DATASET RECORDS START

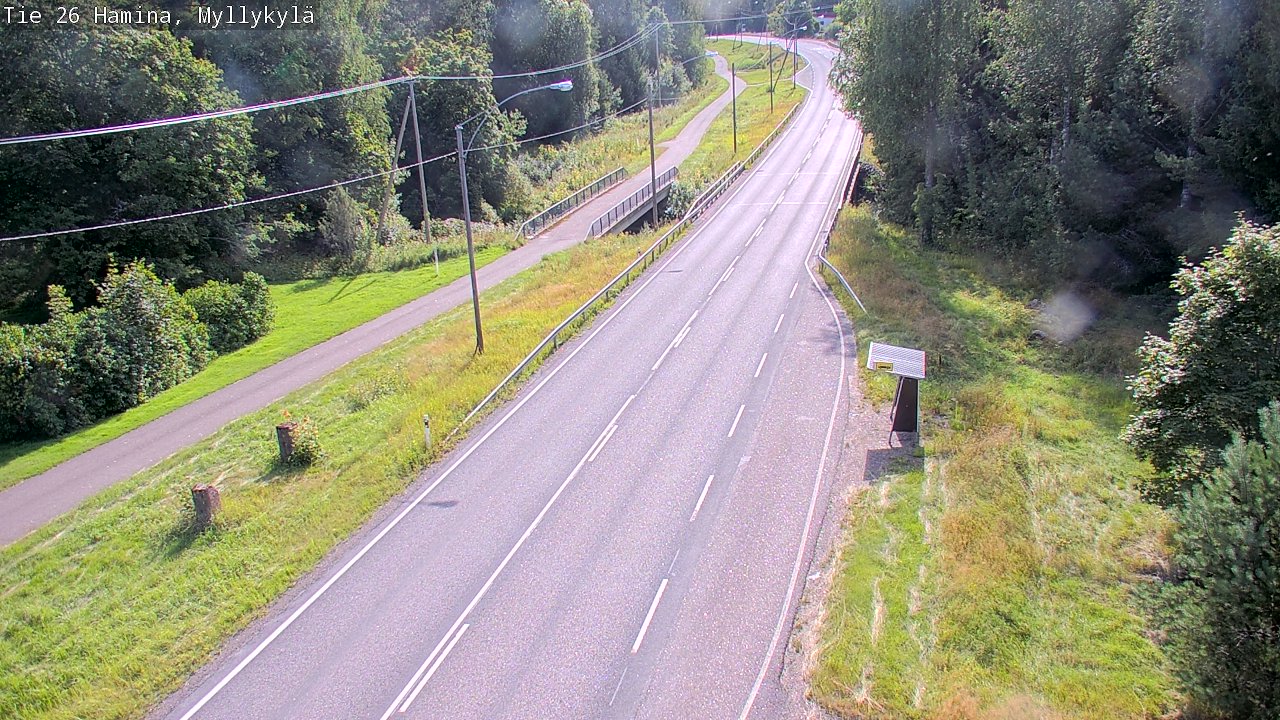 Kelikamerat Kuva Tie 26 Hamina, Myllykylä, Hamina, Kymenlaakso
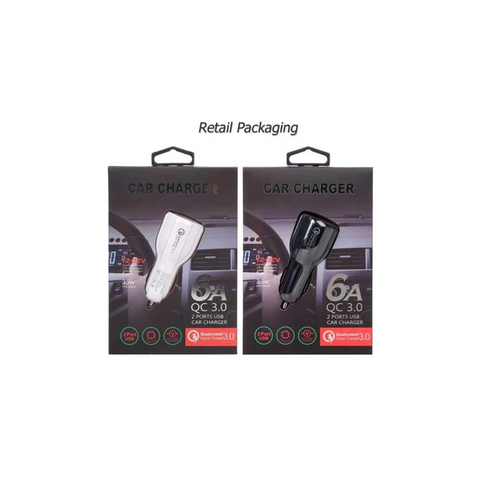 Image of QC3.0+3.1A Dual USB Fast Charging Car Charger chicken leg car plug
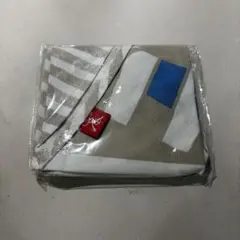 折りたたみエコバッグ ベージュ ストライプ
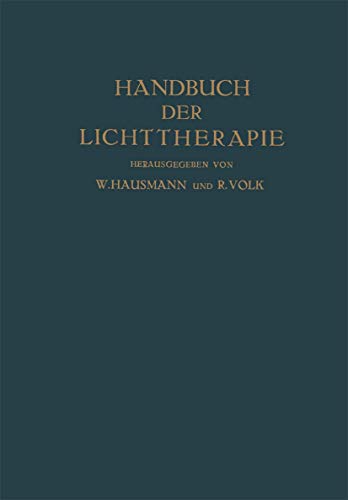 Imagen de archivo de Handbuch der Lichttherapie (German Edition) a la venta por Lucky's Textbooks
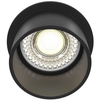 Wpustowa lampka sufitowa Reif DL050-01B do kuchni czarna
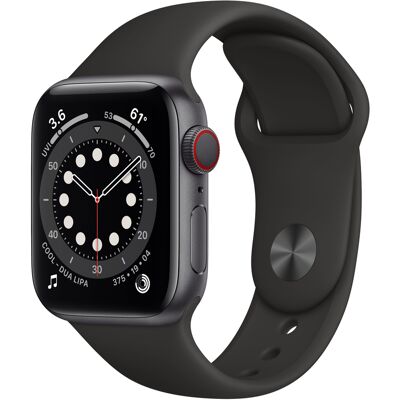 Apple Watch Series 6 OLED 40 mm Numérique 324 x 394 pixels Écran tactile 4G Gris Wifi GPS (satellite) - Bon état - Publicité Apple Watch Series 6 OLED 40 mm Numérique 324 x 394 pixels Écran tactile 4G Gris Wifi GPS (satellite) - Bon état - Publicité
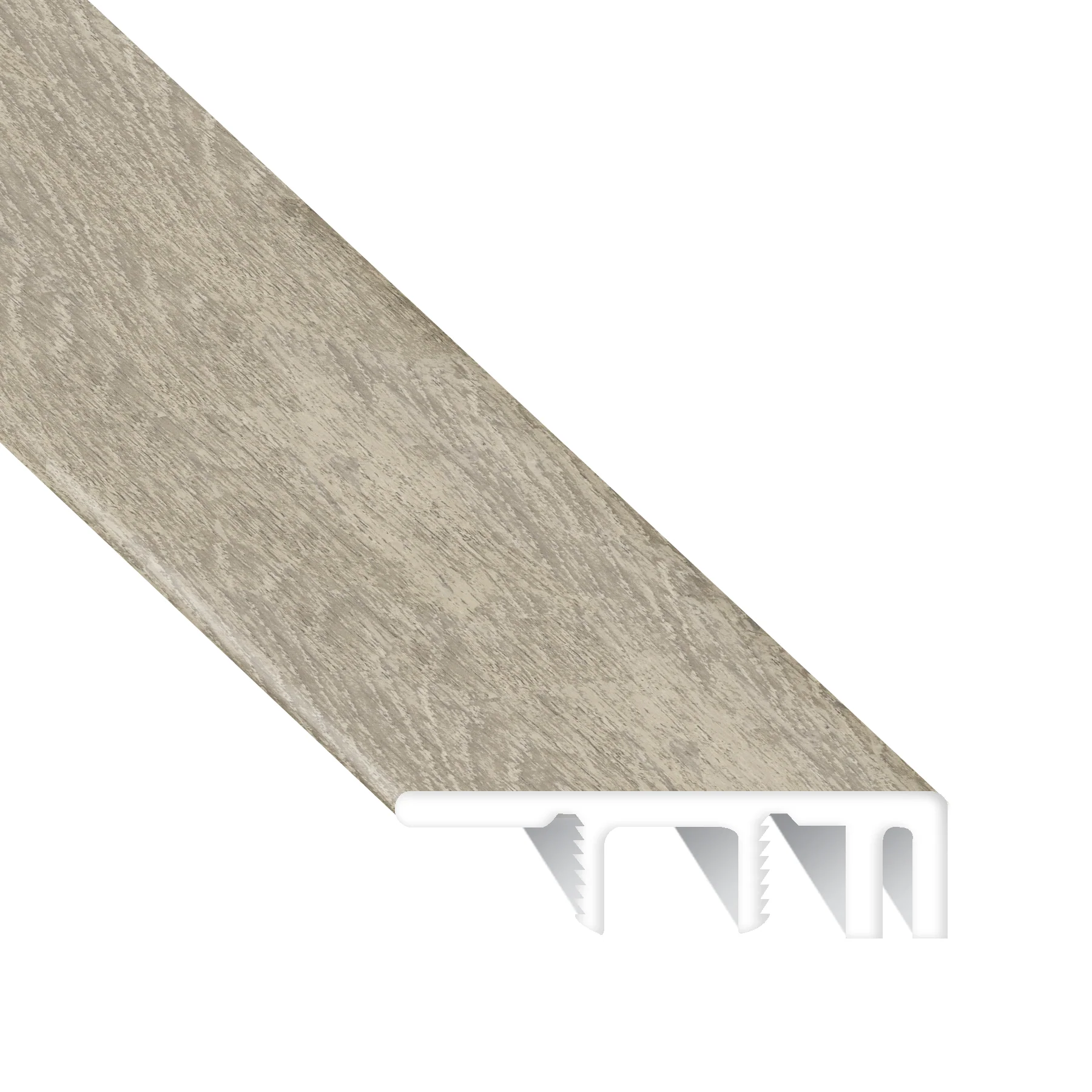 Hollywood Herringbone Waterproof Laminate 1.5 in. Wide x 7.5 ft. Length End Cap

DATASET RECORDS END

HOW TO COMPLETE THIS TASK - In your copy, include no pictures, but reproduce all records exactly.

YOUR RESPONSE -
 Kelikamerat Kuva Tie 26 Hamina, Myllykylä, Hamina, Kymenlaakso
 Image of QC3.0+3.1A Dual USB Fast Charging Car Charger chicken leg car plug
 折りたたみエコバッグ ベージュ ストライプ
 Imagen de archivo de Handbuch der Lichttherapie (German Edition) a la venta por Lucky's Textbooks
 Wpustowa lampka sufitowa Reif DL050-01B do kuchni czarna
 Apple Watch Series 6 OLED 40 mm Numérique 324 x 394 pixels Écran tactile 4G Gris Wifi GPS (satellite) - Bon état - Publicité Apple Watch Series 6 OLED 40 mm Numérique 324 x 394 pixels Écran tactile 4G Gris Wifi GPS (satellite) - Bon état - Publicité
 Hollywood Herringbone Waterproof Laminate 1.5 in. Wide x 7.5 ft. Length End Cap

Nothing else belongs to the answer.